Pengaduan ke Komnas Perempuan menunjukkan perempuan yang menikah beda agama dianggap melakukan zina, perempuan sebagai anak diusir dari rumahnya, dan rentan mengalami kekerasan dari keluarga.
“Seperti memisahkan paksa perempuan dari pasangannya/suami dan anak-anaknya, kekerasan psikis dan ekonomi,” ujarnya.
Dewi menyebut hal serupa dialami oleh perempuan penghayat yang melakukan perkawinan beda agama. Perkawinan beda agama yang tidak dicatatkan dapat menimbulkan berbagai dampak sosial terhadap anak-anak yang dilahirkan, termasuk kerentanan perempuan menjadi korban KDRT ketika perkawinannya tidak tercatat.
Terpisah, Ketua Gugus Kerja Perempuan dan Kebhinnekaan Komnas Perempuan Imam Nahei menegaskan pengaturan untuk tidak mengabulkan permohonan pencatatan perkawinan umat beragama juga pengingkaran pada asas penyelenggaraan kekuasaan kehakiman.
Hal itu, kata Imam, sebagaimana diatur pada pasal 4 UU Nomor 48 Tahun 2009 tentang Kekuasaan Kehakiman.
“Antara lain prinsip tidak membeda-bedakan, mengatasi segala hambatan dan rintangan untuk dapat tercapai peradilan yang sederhana, kewajiban hakim menggali, mengikuti, dan memahami nila-nilai hukum dan rasa keadilan yang hidup dalam masyarakat,” ujarnya.
Sebelumnya, Ketua MA Muhammad Syarifuddin melarang semua pengadilan untuk mengabulkan pencatatan perkawinan berbeda agama dan keyakinan.
“Para hakim harus berpedoman pada ketentuan: Pengadilan tidak mengabulkan permohonan pencatatan perkawinan antar-umat yang berbeda agama dan kepercayaan,” ujar Syarifuddin.

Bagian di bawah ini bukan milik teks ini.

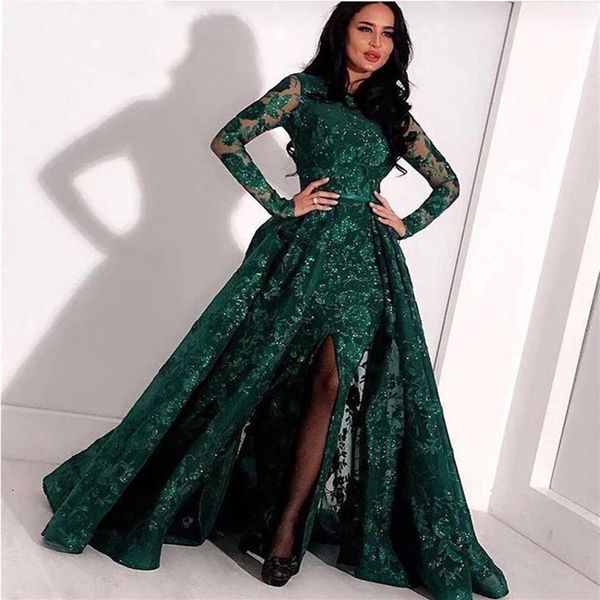 2020 Мусульманские арабские зеленые вечерние выпускные платья плюс размеры длинные платья с мяч -платья сексуальная элегантная женщина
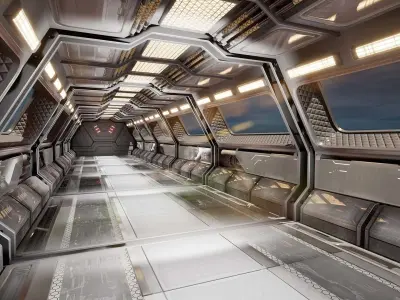 Modular Sci-Fi corridor vol 1 PBR Low-poly 3D model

Syarifuddin menjelaskan hal itu dilakukan untuk memberikan kepastian dan kesatuan penerapan hukum dalam mengadili permohonan pencatatan perkawinan antar-umat yang berbeda agama dan kepercayaan.
Syarifuddin mengungkapkan perkawinan yang sah adalah perkawinan yang dilakukan menurut hukum masing-masing agama dan kepercayaannya.